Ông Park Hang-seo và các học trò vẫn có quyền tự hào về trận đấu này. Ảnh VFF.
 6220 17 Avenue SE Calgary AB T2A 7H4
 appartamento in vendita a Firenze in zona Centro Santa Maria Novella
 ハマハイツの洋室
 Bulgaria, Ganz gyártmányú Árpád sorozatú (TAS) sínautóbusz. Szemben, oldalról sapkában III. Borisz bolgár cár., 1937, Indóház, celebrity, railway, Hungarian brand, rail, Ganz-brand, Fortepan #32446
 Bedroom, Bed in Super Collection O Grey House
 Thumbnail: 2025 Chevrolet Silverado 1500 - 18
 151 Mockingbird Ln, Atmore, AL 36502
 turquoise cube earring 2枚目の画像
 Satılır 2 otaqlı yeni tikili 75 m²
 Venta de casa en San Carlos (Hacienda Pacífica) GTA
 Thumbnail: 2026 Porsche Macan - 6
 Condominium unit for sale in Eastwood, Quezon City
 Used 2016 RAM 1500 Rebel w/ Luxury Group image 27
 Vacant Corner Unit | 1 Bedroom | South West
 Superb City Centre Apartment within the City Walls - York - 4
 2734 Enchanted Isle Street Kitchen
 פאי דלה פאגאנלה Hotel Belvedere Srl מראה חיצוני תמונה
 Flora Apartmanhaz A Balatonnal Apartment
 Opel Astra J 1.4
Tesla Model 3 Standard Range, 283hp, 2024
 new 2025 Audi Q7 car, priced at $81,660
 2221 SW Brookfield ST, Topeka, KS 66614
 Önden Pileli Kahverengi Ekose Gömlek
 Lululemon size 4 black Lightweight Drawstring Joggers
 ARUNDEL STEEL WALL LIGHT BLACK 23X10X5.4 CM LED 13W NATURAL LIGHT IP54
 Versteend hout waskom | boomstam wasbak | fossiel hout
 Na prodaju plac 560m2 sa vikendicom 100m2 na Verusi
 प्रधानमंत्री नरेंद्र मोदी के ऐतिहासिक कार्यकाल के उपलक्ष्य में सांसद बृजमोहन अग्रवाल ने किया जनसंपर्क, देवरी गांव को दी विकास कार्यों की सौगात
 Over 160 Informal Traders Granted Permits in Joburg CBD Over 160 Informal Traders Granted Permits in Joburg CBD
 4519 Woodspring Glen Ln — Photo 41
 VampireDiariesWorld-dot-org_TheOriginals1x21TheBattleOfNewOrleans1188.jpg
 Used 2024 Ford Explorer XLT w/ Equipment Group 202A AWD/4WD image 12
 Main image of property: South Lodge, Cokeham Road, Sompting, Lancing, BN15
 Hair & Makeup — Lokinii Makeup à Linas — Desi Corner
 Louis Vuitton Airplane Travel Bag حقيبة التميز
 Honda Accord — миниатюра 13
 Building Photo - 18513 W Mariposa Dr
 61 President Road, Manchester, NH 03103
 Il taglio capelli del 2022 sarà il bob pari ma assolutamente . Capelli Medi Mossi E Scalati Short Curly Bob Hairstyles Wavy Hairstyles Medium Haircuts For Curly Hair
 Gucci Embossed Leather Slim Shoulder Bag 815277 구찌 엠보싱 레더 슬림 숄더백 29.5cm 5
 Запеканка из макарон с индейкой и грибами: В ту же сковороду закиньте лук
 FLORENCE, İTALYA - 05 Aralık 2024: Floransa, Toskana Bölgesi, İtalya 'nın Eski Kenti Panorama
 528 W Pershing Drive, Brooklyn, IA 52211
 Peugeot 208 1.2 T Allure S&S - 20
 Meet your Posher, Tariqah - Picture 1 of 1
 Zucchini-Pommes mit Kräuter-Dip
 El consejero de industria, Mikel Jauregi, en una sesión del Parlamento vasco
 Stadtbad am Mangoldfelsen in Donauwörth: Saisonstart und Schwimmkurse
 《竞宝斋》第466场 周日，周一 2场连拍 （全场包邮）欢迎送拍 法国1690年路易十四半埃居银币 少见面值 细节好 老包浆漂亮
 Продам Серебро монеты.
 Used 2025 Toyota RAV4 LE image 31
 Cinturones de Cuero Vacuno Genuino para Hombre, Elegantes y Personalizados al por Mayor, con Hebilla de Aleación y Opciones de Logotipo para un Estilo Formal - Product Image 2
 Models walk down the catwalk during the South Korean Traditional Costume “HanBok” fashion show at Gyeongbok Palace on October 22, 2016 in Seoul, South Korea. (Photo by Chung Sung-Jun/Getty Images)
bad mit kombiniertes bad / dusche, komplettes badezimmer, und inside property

▶ **YOUR ASSIGNMENT**
Search the listing above for the lines with "Over 160 Informal Traders Granted Permits in Joburg CBD Over" and "Stadtbad am Mangoldfelsen", then output those lines and all lines between them exactly.

▶ **ANSWER TO THIS PROBLEM**
 Over 160 Informal Traders Granted Permits in Joburg CBD Over 160 Informal Traders Granted Permits in Joburg CBD
 4519 Woodspring Glen Ln — Photo 41
 VampireDiariesWorld-dot-org_TheOriginals1x21TheBattleOfNewOrleans1188.jpg
 Used 2024 Ford Explorer XLT w/ Equipment Group 202A AWD/4WD image 12
 Main image of property: South Lodge, Cokeham Road, Sompting, Lancing, BN15
 Hair & Makeup — Lokinii Makeup à Linas — Desi Corner
 Louis Vuitton Airplane Travel Bag حقيبة التميز
 Honda Accord — миниатюра 13
 Building Photo - 18513 W Mariposa Dr
 61 President Road, Manchester, NH 03103
 Il taglio capelli del 2022 sarà il bob pari ma assolutamente . Capelli Medi Mossi E Scalati Short Curly Bob Hairstyles Wavy Hairstyles Medium Haircuts For Curly Hair
 Gucci Embossed Leather Slim Shoulder Bag 815277 구찌 엠보싱 레더 슬림 숄더백 29.5cm 5
 Запеканка из макарон с индейкой и грибами: В ту же сковороду закиньте лук
 FLORENCE, İTALYA - 05 Aralık 2024: Floransa, Toskana Bölgesi, İtalya 'nın Eski Kenti Panorama
 528 W Pershing Drive, Brooklyn, IA 52211
 Peugeot 208 1.2 T Allure S&S - 20
 Meet your Posher, Tariqah - Picture 1 of 1
 Zucchini-Pommes mit Kräuter-Dip
 El consejero de industria, Mikel Jauregi, en una sesión del Parlamento vasco
 Stadtbad am Mangoldfelsen in Donauwörth: Saisonstart und Schwimmkurse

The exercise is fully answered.